**TASK TO COMPLETE**
Quote exactly the lines from the one with "Miss Sixty Black Parachute Pants (XS)" to the end of the data, both included; omit the pictures.

**DATASET EXCERPT**
______
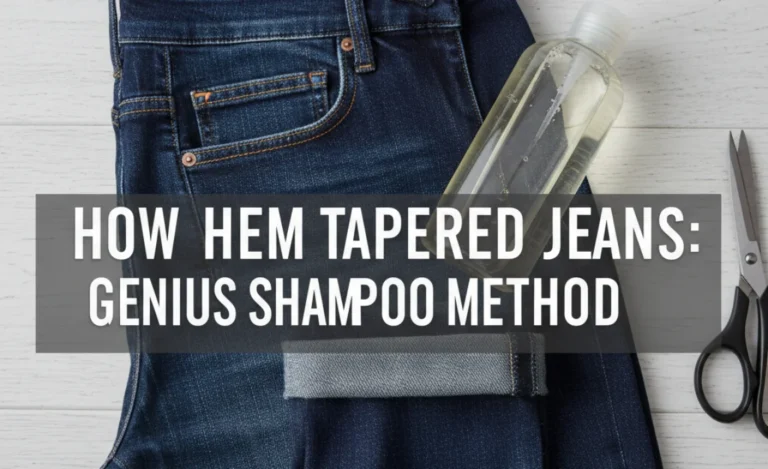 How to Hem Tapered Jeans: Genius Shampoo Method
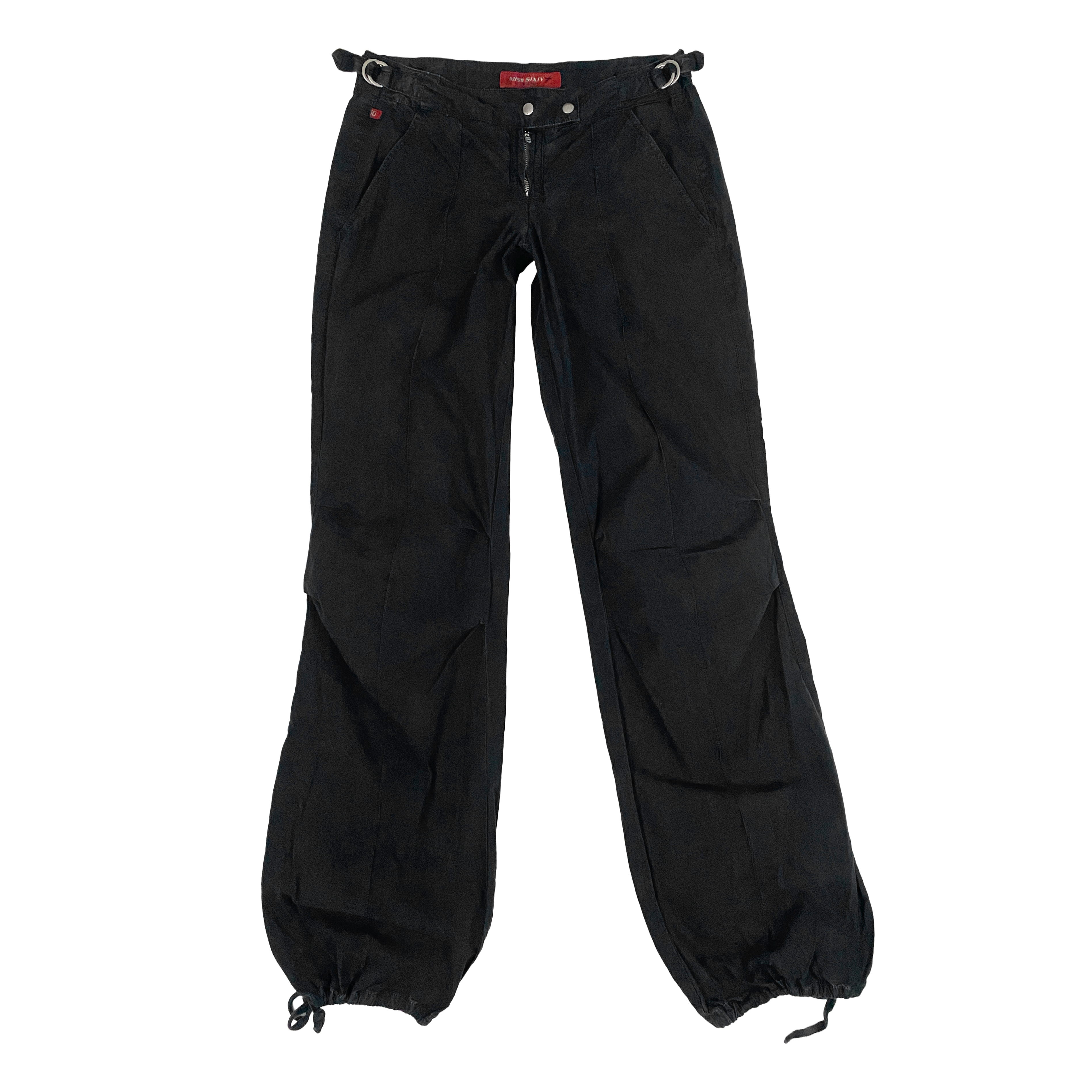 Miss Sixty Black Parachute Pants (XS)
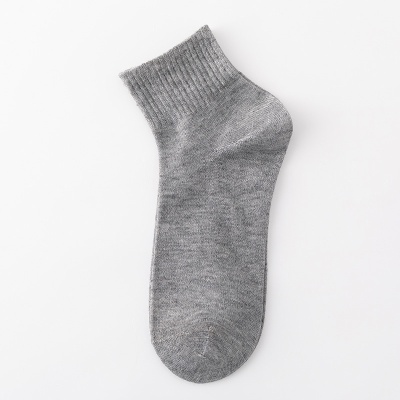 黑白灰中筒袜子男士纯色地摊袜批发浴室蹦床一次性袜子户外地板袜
______
**TASK ANSWER**
 Miss Sixty Black Parachute Pants (XS)
 黑白灰中筒袜子男士纯色地摊袜批发浴室蹦床一次性袜子户外地板袜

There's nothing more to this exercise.